The new comments will heap more embarrassment on the Labour leadership, as John Major savaged Mr Davies for saying the prince was not fit to be king - while Labour left-wingers rallied to his defence.
On Friday the shadow minister issued an abject apology over his attack on Prince Charles, which he made in an interview on BBC Wales's Welsh Lobby programme.
In the unbroadcast segment, Mr Davies says bluntly: "I am a republican." Asked about the claim that Prince Charles has brought much investment to Wales, he replies: "I don't believe that. It's just propaganda." He added: "Charles cannot be king if he stays living in sin with Camilla."
Yesterday the BBC said the comments had been edited out as part of normal production. A spokeswoman said: "The film was edited to concentrate on what we presumed to provide the best news value."
The Labour leadership, although angry at Mr Davies's outburst, was standing by his decision not to resign. Tony Blair is said to feel that it was the intemperate tone of the MP's comments, rather than his republican sympathies, that had provoked most embarrassment.
The Conservatives moved swiftly to exploit the gaffe and to present it as part of a Labour assault on the British constitution.
Mr Major, speaking in Bangkok, said: "I am absolutely astonished that somebody who is in the Shadow Cabinet, and who would presumably be the Welsh Secretary in a Labour administration, can speak in this fashion, particularly about someone who cannot answer back. I think most people will regard that as a pretty distasteful." William Hague, Secretary of State for Wales, called for Mr Davies to be sacked.

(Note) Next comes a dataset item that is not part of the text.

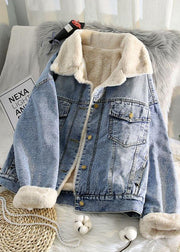 Warm blue coat plus size jacket spring lapel pockets coat - SooLinen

Labour left-wingers, however, defended him. Ken Livingstone, MP for Brent East, said a "large number" of Labour MPs privately agreed with Mr Davies's view - and he accused Mr Blair of looking "panicky" by making Mr Davies apologise.
The veteran left-winger Tony Benn said Mr Blair had been rough on the MP, particularly as the Labour leader himself had recently said hereditary peers should not sit in the Lords. "What Mr Davies said was that hereditary monarchs should not be heads of state. It's very similar, and there is a very strong body of opinion now in Britain in favour of a democratic constitution."
Last night MP Tony Banks called for a nationwide poll "when the present Queen gives up her time on earth" to decide whether Britain should continue to have a hereditary head of state.
The Prince of Wales left for a skiing trip in Switzerland without commenting. "Mr Davies has withdrawn his remarks," said a Buckingham Palace press officer. "He has apologised and, as far as the Prince of Wales is concerned, that's the end of it."